CAIR has for years presented two faces to the American people. It says that its mission is “to enhance understanding of Islam, encourage dialogue, protect civil liberties, empower American Muslims, and build coalitions that promote justice and mutual understanding.” And it is a high-profile, active, successful organization. Law-enforcement officials all over the country have received sensitivity training from CAIR. The mainstream media routinely seeks it out for a moderate Muslim perspective.
But there is another side to this organization as well. CAIR is “unusual in its extreme rhetoric and its associations with groups that are suspect,” according to Senator Richard Durbin (D-IL). Senator Charles Schumer (D-NY) has said of CAIR that “we know it has ties to terrorism,” and “intimate links with Hamas.” CAIR was named an unindicted co-conspirator in the Holy Land Foundation jihad terror funding case. Several of its former employees and board members are now doing hard time on various terrorism-related charges.
And CAIR’s co-founder and former Board Chairman, Omar Ahmad, told a Muslim audience in 1998 that “Islam isn’t in America to be equal to any other faith, but to become dominant. The Koran … should be the highest authority in America, and Islam the only accepted religion on earth.” In 2003, when these words started to get publicity, Ahmad denied saying this. He denies he said it, and he denies that he believes this. However, the original reporter stands by her story.
Bedier has been a superb embodiment of the double face of CAIR. On the Glenn Beck Show in 2005, he declared: “We condemn any nation, country or group that uses Islam or misuses and misinterprets Islam in violent ways.” Announcing his depature from CAIR, he explained his future plans in terms to warm any multiculturalist’s heart: “I’m going to expand on and build upon my work as a civil rights and human rights leader into broader areas of peace building, interfaith dialogue and reconciliation.”

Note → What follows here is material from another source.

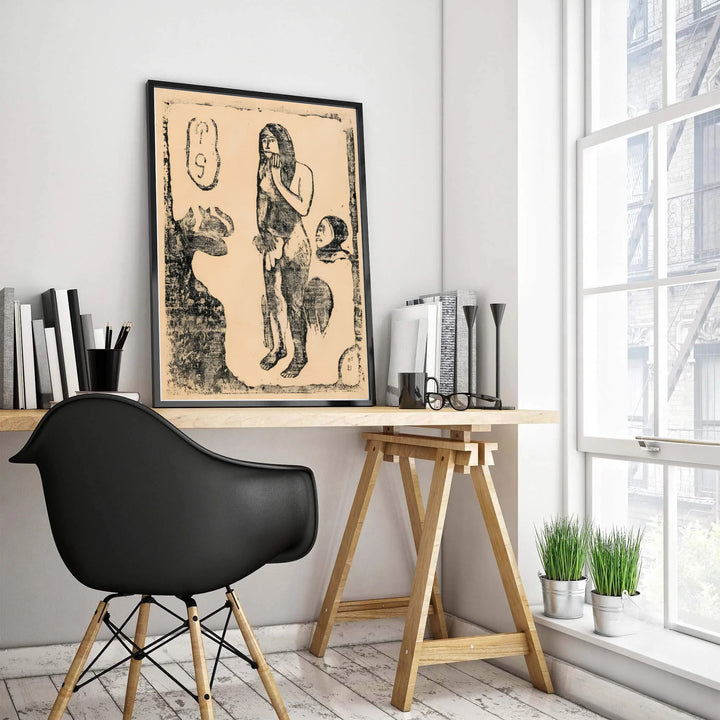 Historical French art print of Paul Gauguin Eve Suite Of Late Woodblocks 1898 displaying hand-carved borders from Tahiti, French Polynesia. Choose custom framed wall art, unframed paper poster prints, or gallery canvas formats at MapYourDreams for a modern gallery wall setup.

Yet Bedier has also said that before 1995, when the State Department declared Palestinian Islamic Jihad a terrorist group, there was “nothing immoral” about associating with the group. The anti-terror advocacy group Americans Against Hate notes that “Bedier’s answer is startling, given the fact that, prior to 1995, Palestinian Islamic Jihad took credit for five terrorist attacks, which resulted in the murders of eight innocent people. This includes a suicide bombing in the town of Netzarim Junction, in November of 1994.”
And when two Muslim college students, Youseff Megahed and Ahmed Mohamed, were found with pipe bombs (and one of whom has admitted to making a video about how to use remote-controlled bombs against American soldiers), Bedier claimed that the pipe bomb material was just fireworks and said, “Both of them are really naïve kids.” On a Florida TV show several months ago, Bedier sidestepped numerous opportunities to condemn the barbaric practice of stoning.
So what does Bedier’s departure from CAIR mean at a point when he seemed to have a bright future with the national organization? Does it mean that the organization is finally going to make an attempt to live up to its self-definition, and become a truly moderate group that will work against the jihad ideology and Islamic supremacism in the American Muslim community?
That’s unlikely: the Investigative Project is correct that Bedier was “one of CAIR’s most high-profile local executive directors, publicly commenting frequently on a variety issues ranging from the staunch defense of convicted Palestinian Islamic Jihad terrorist Sami Al-Arian to the wearing of Islamic garments such as the hijab in public schools.” Despite the mysterious circumstances surrounding his departure for the organization, there is no indication that any of CAIR’s remaining personnel have changed course.
And that is why government, law enforcement, and the media would be well advised to treat CAIR with extreme caution, a caution they have not shown up to now.